- I love being productive more than anything else
- And I struggle with perfectionism
- I've learned to see progress as accomplishment (this is a BIG deal for a to-do list freak)
- I work very hard to hide my perfectionism from my kids, for their sakes
- I desperately don't want my kids to think I want them to be perfect
- I need to be social every week in order to avoid melting down
- I get mean when I'm tired or hungry
- My kids offer me food and drink when I start getting grumpy
- I love them for that
- I absolutely love being able to encourage people
- I think I have far more friends than I deserve
- I tend to space out at least once when playing games
- My friends get a big kick out of telling me it's my turn again
- I have ADD
- Not ADHD; I only get hyper when given too much caffeine or when a thrift store is within sight ;)
- I am not subtle
- Nobody ever thought I was
- I love nursing my babies
- I regret not nursing or at least bottle-feeding Daniel w/ breastmilk. He was only 2! :(
- I have a lot of mother-guilt
- I never feel I've done enough to show my children how much I love them
- I agree with almost everything Charlotte Mason said
- Homeschooling is my #1 hobby
- I enjoy it that much
- I love books
- I love lists
- I really love booklists
- I loved and miss college. My college years show up in my dreams more than anything else.

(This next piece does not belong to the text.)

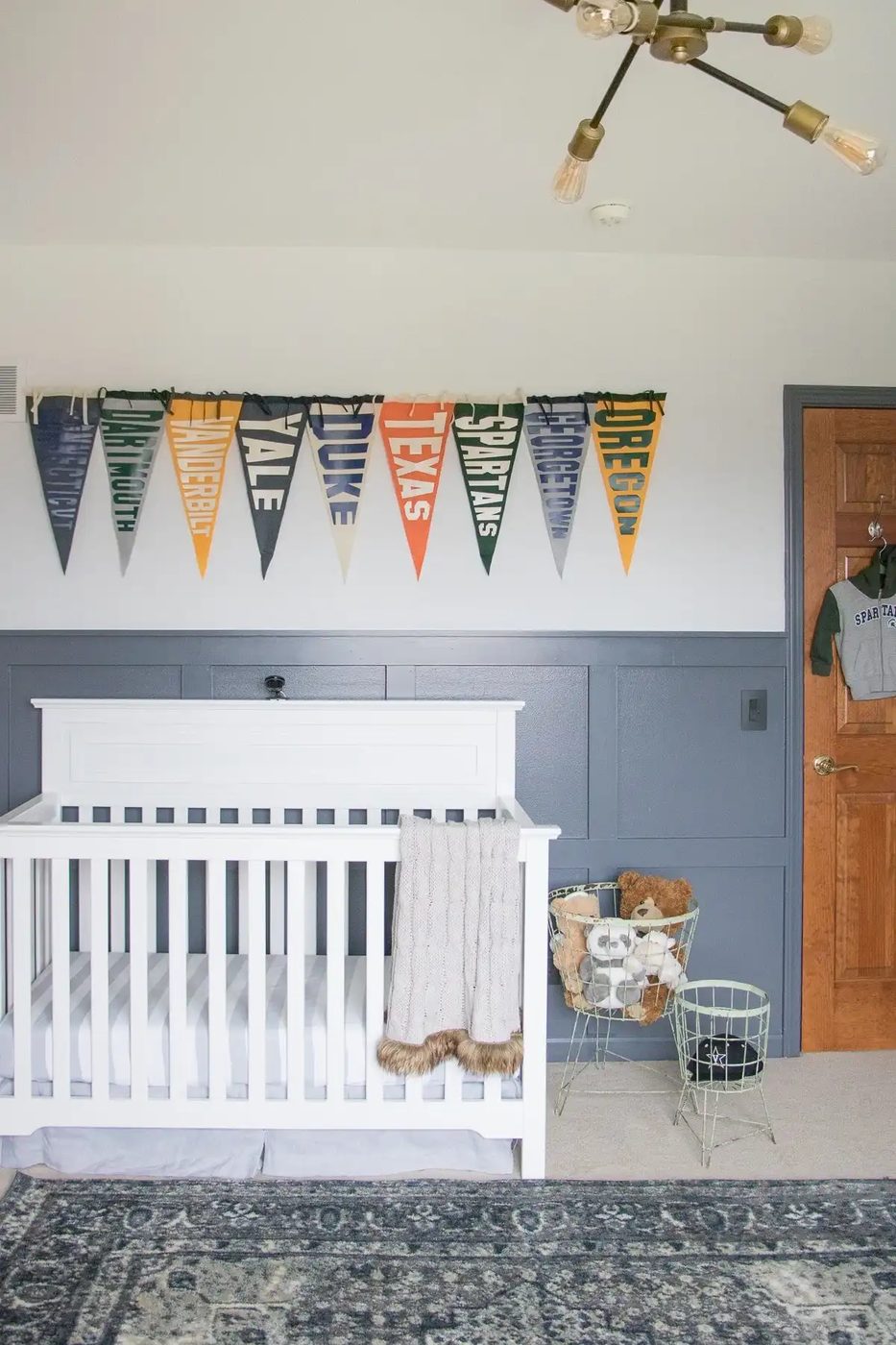 Nursery Painting options Neutral Gray Board And Batten Grid Sypsie Designs Feat On Bekob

- I wish I could be around my friends 24/7 like I was in college
- I love Jane Austen books and movies, except Northanger Abbey. That one was just silly.

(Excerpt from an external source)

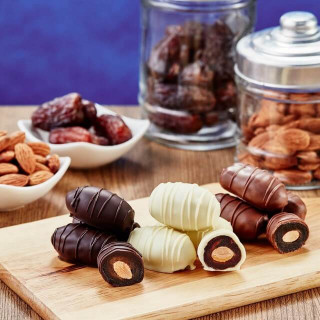 Финики в шоколаде Chocodate Assorted (Ассорти) 100 г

- I would love to visit England one day
- Watching a Jane Austen or Austen-ish movie is like a vacation to me
- Eating a bowl of cereal (or two :blush:) and reading a magazine is also like a mini-vacation for me
- I am entertained easily
- Kyle secretly loves that about me
- I love to giggle
- My kids really enjoy it when I giggle
- Because I'm too serious most of the time
- Generally speaking, I don't trust salespeople or doctors
- I'm a fan of conspiracy theories
- I tend to think if everyone believes it, it must be wrong
- I have a bad habit of picking at my lips.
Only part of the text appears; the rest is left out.